Gibecière number 17 is a fantastic issue, and we are very proud of it.
We begin this issue with the tenth and final installment of the excellent and enlightening “Investigation into Magic in Japan after the Opening of the Country” by Mitsunobu Matsuyama. Mr. Matsuyama delves into the histories of some highly successful female magicians, amateur and professional magic societies, the sale of magic in department stores, and the early history of the Tenyo magic line as well as historical notes on Tenkai.

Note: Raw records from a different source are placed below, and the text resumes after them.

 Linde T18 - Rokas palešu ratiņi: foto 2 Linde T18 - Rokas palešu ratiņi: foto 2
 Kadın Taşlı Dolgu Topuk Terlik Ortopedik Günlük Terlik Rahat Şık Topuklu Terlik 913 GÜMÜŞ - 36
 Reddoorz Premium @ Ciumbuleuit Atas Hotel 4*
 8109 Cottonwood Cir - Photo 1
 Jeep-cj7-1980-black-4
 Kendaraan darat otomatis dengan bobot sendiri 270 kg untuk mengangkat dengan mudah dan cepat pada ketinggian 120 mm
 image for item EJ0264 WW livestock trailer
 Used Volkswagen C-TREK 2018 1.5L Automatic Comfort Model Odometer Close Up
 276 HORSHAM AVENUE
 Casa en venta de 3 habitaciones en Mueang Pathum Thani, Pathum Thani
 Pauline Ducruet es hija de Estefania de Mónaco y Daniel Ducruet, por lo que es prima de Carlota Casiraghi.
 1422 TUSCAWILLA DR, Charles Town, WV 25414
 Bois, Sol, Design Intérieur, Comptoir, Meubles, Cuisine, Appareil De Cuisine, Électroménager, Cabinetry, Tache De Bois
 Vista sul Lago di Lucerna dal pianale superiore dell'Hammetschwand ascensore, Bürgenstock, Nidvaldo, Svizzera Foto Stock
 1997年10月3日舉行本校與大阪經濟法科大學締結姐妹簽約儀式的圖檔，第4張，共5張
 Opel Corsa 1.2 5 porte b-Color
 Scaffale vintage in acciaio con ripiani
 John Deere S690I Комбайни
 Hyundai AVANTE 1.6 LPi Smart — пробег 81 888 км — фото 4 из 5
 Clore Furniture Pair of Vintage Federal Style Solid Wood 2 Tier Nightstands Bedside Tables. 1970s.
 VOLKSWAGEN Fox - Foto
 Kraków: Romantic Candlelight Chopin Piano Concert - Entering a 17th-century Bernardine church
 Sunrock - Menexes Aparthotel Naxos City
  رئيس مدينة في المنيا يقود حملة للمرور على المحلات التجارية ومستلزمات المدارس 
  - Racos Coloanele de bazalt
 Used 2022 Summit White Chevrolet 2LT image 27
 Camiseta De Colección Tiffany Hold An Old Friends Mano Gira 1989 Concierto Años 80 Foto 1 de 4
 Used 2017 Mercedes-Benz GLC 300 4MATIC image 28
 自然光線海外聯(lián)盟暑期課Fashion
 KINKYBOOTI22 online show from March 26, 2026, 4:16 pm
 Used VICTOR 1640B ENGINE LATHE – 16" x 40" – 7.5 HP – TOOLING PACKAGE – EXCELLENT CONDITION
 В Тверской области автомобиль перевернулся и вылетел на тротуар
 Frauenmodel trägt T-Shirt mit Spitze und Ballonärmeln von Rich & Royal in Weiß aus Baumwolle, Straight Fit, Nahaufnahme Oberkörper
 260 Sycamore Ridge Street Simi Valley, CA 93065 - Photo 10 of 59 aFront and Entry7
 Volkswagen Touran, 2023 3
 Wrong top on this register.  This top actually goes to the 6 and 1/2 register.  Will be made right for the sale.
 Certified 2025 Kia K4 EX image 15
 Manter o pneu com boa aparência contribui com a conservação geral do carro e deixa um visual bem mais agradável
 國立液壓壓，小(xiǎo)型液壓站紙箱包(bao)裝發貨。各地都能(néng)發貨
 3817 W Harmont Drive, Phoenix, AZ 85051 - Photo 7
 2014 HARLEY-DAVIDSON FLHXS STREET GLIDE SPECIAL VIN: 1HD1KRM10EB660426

Next we get acquainted with a largely unknown, but extremely intriguing and mysterious card handler in the fascinating “Moreau” by Jerry Christensen. Mr. Moreau was a French card magician who led a very luxurious life in the finest spots in France by doing card magic in restaurants and cafés. He is reputed to have been remarkable by very reliable sources and we are quite lucky to have this peek into his life and to learn about his work.
Max Maven offers what we hope will be an ongoing series entitled “Tracking Slum Magic to Its Lair”. Here, Mr. Maven delves into the “Needle through Balloon” and we get to follow this popular “slum magic” effect from its clever beginnings, burgeoning popularity, and subsequent denigration.
“Uncle Aficionado” by Enrique Jiménez-Martinez introduces the new translation, by Noah Levine, of Juan Mieg’s Curious Notices. Published anonymously, Juan Mieg was only recently connected with the authorship of this book, which features juggling, sword swallowing, speaking machines, human water-fountains, the feats of professional gluttons and conjuring performances, as well as some information on the Phantasmagoria that appears nowhere else!
We must thank our editor, Stephen Minch, for what is truly a glorious and intriguing issue!